Feature Request: support PaddleOCR-VL

### Prerequisites

- [x] I am running the latest code. Mention the version if possible as well.
- [x] I carefully followed the [README.md](https://github.com/ggml-org/llama.cpp/blob/master/README.md).
- [x] I searched using keywords relevant to my issue to make sure that I am creating a new issue that is not already open (or closed).
- [x] I reviewed the [Discussions](https://github.com/ggml-org/llama.cpp/discussions), and have a new and useful enhancement to share.

### Feature Description

https://huggingface.co/PaddlePaddle/PaddleOCR-VL

PaddleOCR-VL is a SOTA and resource-efficient model tailored for document parsing. Its core component is PaddleOCR-VL-0.9B, a compact yet powerful vision-language model (VLM) that integrates a NaViT-style dynamic resolution visual encoder with the ERNIE-4.5-0.3B language model to enable accurate element recognition.
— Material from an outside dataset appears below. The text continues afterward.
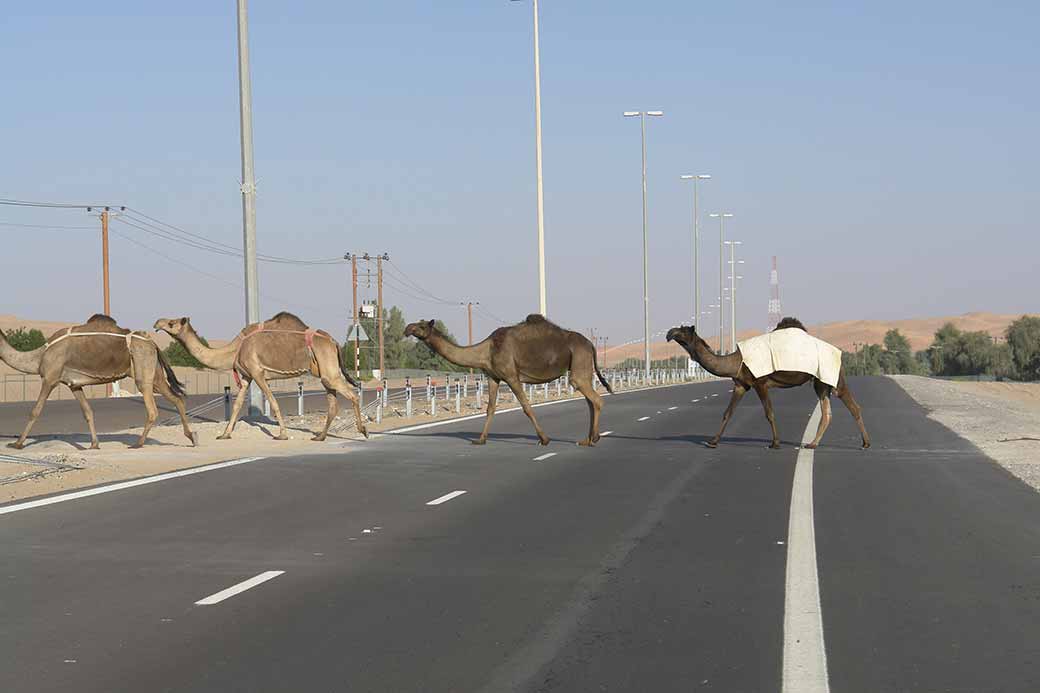 Camels crossing the road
This innovative model efficiently supports 109 languages and excels in recognizing complex elements (e.g., text, tables, formulas, and charts), while maintaining minimal resource consumption. Through comprehensive evaluations on widely used public benchmarks and in-house benchmarks, PaddleOCR-VL achieves SOTA performance in both page-level document parsing and element-level recognition. It significantly outperforms existing solutions, exhibits strong competitiveness against top-tier VLMs, and delivers fast inference speeds. These strengths make it highly suitable for practical deployment in real-world scenarios.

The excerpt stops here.